Addressing Big Data One Byte At A Time
Strapline: Industry Warehouse
Unlike other recent industry buzzwords that have trended but in actuality turned out to be “much ado about nothing,” the term “big data” represents important and real challenges to the technology and operations departments of financial firms. The capability to centrally maintain large volumes of data from disparate sources, and process that data into useful information will require a unique set of advanced tools. As the complexity, as well as the sheer volume, of the data grows, solutions will have to be dynamic and flexible in their design.
The first challenge is consolidating data—whether it is reference data, market data, corporate action data, or even pricing—from several sources. While financial firms are reducing the number of relationships they maintain with data providers, numerous feeds currently exist across the enterprise and pose a real problem today. In addition, there were actual buying decisions behind each of these relationships, and a dependence upon this information, somewhere in the enterprise, has been created. The reduction of feeds may therefore be slow to materialize.
The solution obviously requires scalable architecture. Perhaps more important is the need to deploy flexible mapping utilities that can find, and even create, common fields across different file layouts. A lack of a common industry standard, at present, means various files have to be cleansed and normalized against a defined format. The resultant layout will need to be adaptable to future changes. This requires a solution with a flexible data model.
Once a consolidated format is agreed, a presentation layer needs to be designed and implemented so the information can be of value to the end-user and client. As a result of recent market downturns, there is a growing demand throughout the industry, from regulators and investors alike, for quality data; “assurance” and “transparency” being two more important and very real terms. To address this, the solution requires sophisticated rules engines coupled with the automated mapping techniques mentioned above.

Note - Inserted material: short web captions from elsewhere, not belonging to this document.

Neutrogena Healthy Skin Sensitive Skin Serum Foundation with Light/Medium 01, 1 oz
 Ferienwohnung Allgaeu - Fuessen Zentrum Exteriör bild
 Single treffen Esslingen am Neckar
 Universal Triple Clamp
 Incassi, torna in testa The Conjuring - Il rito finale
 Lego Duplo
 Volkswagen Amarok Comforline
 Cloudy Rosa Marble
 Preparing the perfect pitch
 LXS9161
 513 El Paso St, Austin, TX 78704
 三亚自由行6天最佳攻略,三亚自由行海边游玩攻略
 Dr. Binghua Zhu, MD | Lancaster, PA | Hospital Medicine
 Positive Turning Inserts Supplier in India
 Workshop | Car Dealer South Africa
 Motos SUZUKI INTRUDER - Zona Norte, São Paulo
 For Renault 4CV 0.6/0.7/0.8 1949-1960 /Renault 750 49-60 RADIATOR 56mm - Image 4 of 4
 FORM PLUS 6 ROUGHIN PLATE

In conjunction with the presentation layer, there is an acknowledged demand in the marketplace for business intelligence tools to address big data. Detailed analysis is the next logical step in processing the data and turning it into useful information. Again, this requires a scalable and high-end processing application, as well as a sophisticated analytics solution. Besides the typical day-to-day requirements of any analytics solution, such as report and inquiry creation, a cutting-edge analytics engine should be able to generate output such as “what-if” scenarios and “in/out of the money” alerts. To make this functionality worthwhile, the solution needs to be online and in real-time. If the generation of new reports, inquiries, and alerts could be done by an end-user as opposed to having them coded by the IT department, valuable technical resources would be freed up and time to rollout would be drastically reduced.
Lastly, as a result of recent economic declines, a very real challenge comes from the need for global regulation. While all market jurisdictions generally agree on what is needed for increased transparency and systemic risk mitigation, the sources of this information are as segmented as the markets themselves. Therefore, the need for central processing and consolidation on a global basis is crucial. A pressing case-in-point is the introduction and global endorsement of the legal entity identifier (LEI), created to indicate the name, location, electronic address, and legal status of an organizational entity. The LEI in itself requires the flexible data model mentioned earlier, as well as modern mapping tools. Not only are financial firms required to implement the LEI in current data layouts, but they must also link to historical transactions generated pre-LEI. Data model flexibility and openness are instrumental to incorporating future global regulatory requirements in a timely and accurate way.
In closing, the challenges posed by big data are significant and exist right now. However, with the implementation of modern, robust solutions, not only can the challenges be met but opportunities for value-added features for firms and their clients can be created.